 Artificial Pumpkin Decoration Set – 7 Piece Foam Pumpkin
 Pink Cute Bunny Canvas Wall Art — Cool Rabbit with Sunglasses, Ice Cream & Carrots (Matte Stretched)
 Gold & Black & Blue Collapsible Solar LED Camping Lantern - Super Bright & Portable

● ● ●

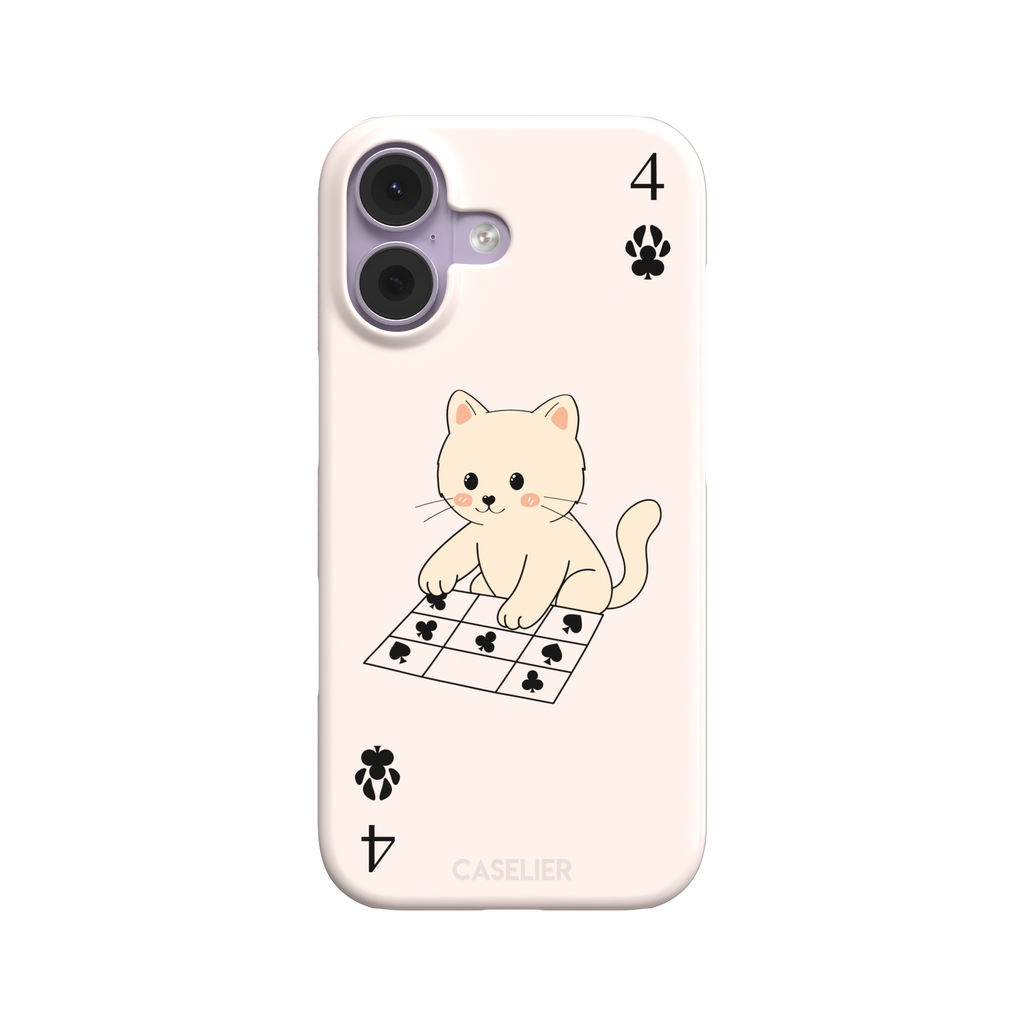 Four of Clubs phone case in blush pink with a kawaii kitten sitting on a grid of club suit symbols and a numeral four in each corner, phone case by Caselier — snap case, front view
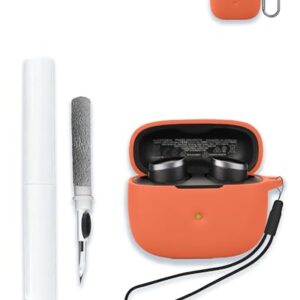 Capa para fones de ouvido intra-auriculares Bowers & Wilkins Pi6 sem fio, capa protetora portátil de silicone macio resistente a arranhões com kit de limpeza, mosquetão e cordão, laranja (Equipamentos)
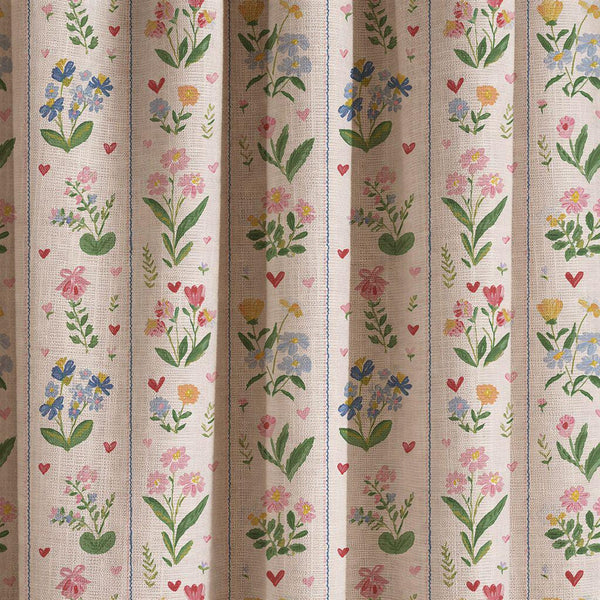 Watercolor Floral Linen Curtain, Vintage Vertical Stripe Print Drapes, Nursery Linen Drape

● ● ●

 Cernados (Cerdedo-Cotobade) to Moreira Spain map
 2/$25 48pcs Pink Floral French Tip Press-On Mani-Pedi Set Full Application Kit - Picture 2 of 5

● ● ●

:: EXERCISE ::
From the entries above, restate word for word the lines from the line containing "Cernados (Cerdedo-Cotobade) to" to the line containing "2/$25 48pcs Pink", both ends included, and nothing more.

:: RESULT OF THE EXERCISE ::
 Cernados (Cerdedo-Cotobade) to Moreira Spain map
 2/$25 48pcs Pink Floral French Tip Press-On Mani-Pedi Set Full Application Kit - Picture 2 of 5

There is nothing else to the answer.